# Bluetooth Issue



## staythecourse (Feb 4, 2014)

I'm extremely new to this kind of thing so if this sounds dumb I apologize. 

Im having trouble getting my Bluetooth to work with my new phone. Actually I've had trouble with both of the phones I have had. The first phone was an iPhone 4s. The Bluetooth worked fine when making/ receiving calls but wouldn't play my music, I had to plug in my usb for that. I got rid of that phone and now I have the new HTC one ....I've paired it with my car and I can make/receive calls but my music will not play....it won't even play through the usb cord.

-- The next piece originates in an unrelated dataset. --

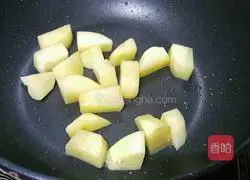 Illustration of how to make braised chicken with potatoes 3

The only music that will play is some random "pfd" track.....which I have no clue where that's coming from. They're like random 15 seconds techno clips it's weird. Those pfd tracks only play when my usb cord is connected. 

I was told by att that it's my car that's causing the issue, that the cruze is only compatiablewith iPhone. Is that true? Any ideas?


----------



## McNeo (Dec 17, 2013)

I had an HTC One S and it worked perfect.

Upgraded to an LG G2 and it wouldn't work with MyLink so brought it back and got the HTC One - which also works perfect.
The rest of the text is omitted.